From 6ef09e0a0a60255beec19635ff6c1b55481228c4 Mon Sep 17 00:00:00 2001
From: MuhammadIsmailShahzad
 <57398621+MuhammadIsmailShahzad@users.noreply.github.com>
Date: Wed, 1 Jul 2020 08:48:19 +0500
Subject: [PATCH] Add new harvest dcat daera_core profile (#15)

* [setup.py][dcat.py]Adds code for profile DaeraCoreProfile

* [dcat.py] Fixes typo
---
 ckanext/opendatani/dcat.py | 63 ++++++++++++++++++++++++++++++++++++++
 setup.py                   |  1 +
 2 files changed, 64 insertions(+)

diff --git a/ckanext/opendatani/dcat.py b/ckanext/opendatani/dcat.py
index d92662e..478de17 100644
--- a/ckanext/opendatani/dcat.py
+++ b/ckanext/opendatani/dcat.py
@@ -271,6 +271,69 @@ def parse_dataset(self, dataset_dict, dataset_ref):
 
         return dataset_dict
 
+class DaeraCoreProfile(RDFProfile):
+
+    def parse_dataset(self, dataset_dict, dataset_ref):
+
+        # TODO: if there is more than one source with different defaults,
+        # modify accordingly
+        dataset_dict['frequency'] = 'notPlanned'
+        dataset_dict['topic_category'] = 'location'
+        dataset_dict['lineage'] = '-'
+        dataset_dict['contact_name'] = 'DAERA Open Data Enquiries'
+        dataset_dict['contact_email'] = 'OpenDataEnquiries@daera-ni.gov.uk'
+        dataset_dict['license_id'] = 'uk-ogl'
+
+        _remove_extra('contact_name', dataset_dict)

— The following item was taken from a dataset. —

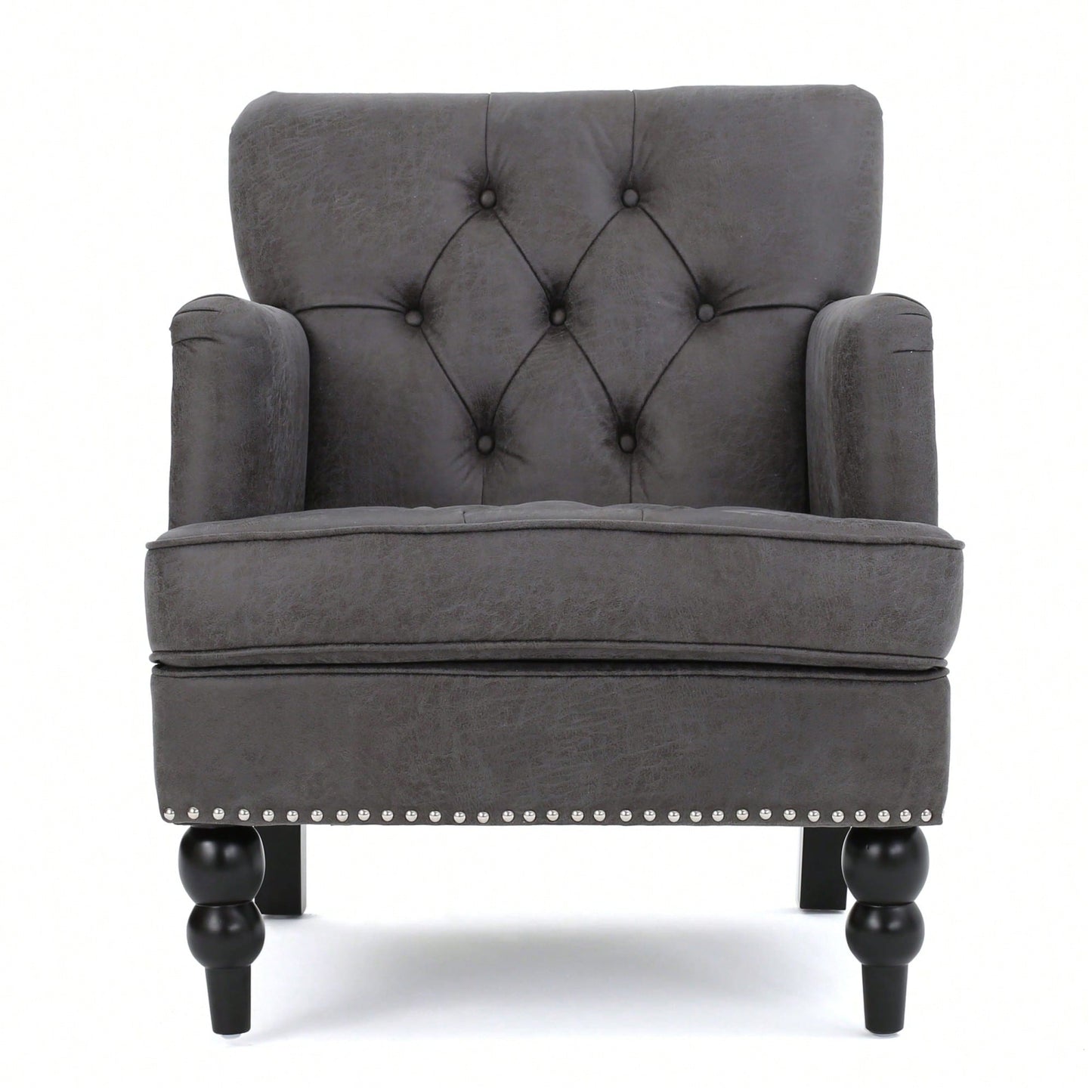 Elegant Tufted Club Chair For Living Room And Office Seating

+        _remove_extra('contact_email', dataset_dict)
+
+        # Ping the ArcGIS server so the processing of the files
+        # starts
+        identifier = None
+        avoid = []
+
+        if toolkit.asbool(
+                config.get('ckanext.opendatani.harvest.ping_arcgis_urls')):
+
+            for extra in dataset_dict.get('extras', []):
+                if extra['key'] == 'identifier' and extra['value']:
+                    identifier = extra['value']

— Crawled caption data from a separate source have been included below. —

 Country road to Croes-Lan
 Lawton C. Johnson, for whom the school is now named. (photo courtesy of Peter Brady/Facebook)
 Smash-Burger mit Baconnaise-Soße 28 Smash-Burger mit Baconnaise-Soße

+            if identifier:
+                query = toolkit.get_action('package_search')(
+                    {}, {'q': 'guid:"{0}"'.format(identifier)})
+                if query['count']:
+                    current_dataset = query['results'][0]
+                    for current_resource in current_dataset.get('resources',
+                                                                []):
+                        if ('requested' in current_resource and
+                                toolkit.asbool(current_resource['requested'])):
+                            avoid.append(current_resource['url'])
+
+            for resource in dataset_dict.get('resources', []):
+                if resource['format'] == 'OGC WMS':
+                    resource['format'] = 'WMS'
+
+                resource['requested'] = False
+                file_formats = ('geojson', 'kml', 'zip', 'csv')
+
+                if resource['url'] in avoid:
+                    resource['requested'] = True
+                elif resource['format'].lower() in file_formats:
+                    try:
+                        requests.head(resource['url'])
+
+                        resource['requested'] = True
+                        log.debug(
+                            'Requested resource to start the processing: {0}'
+                            .format(resource['url']))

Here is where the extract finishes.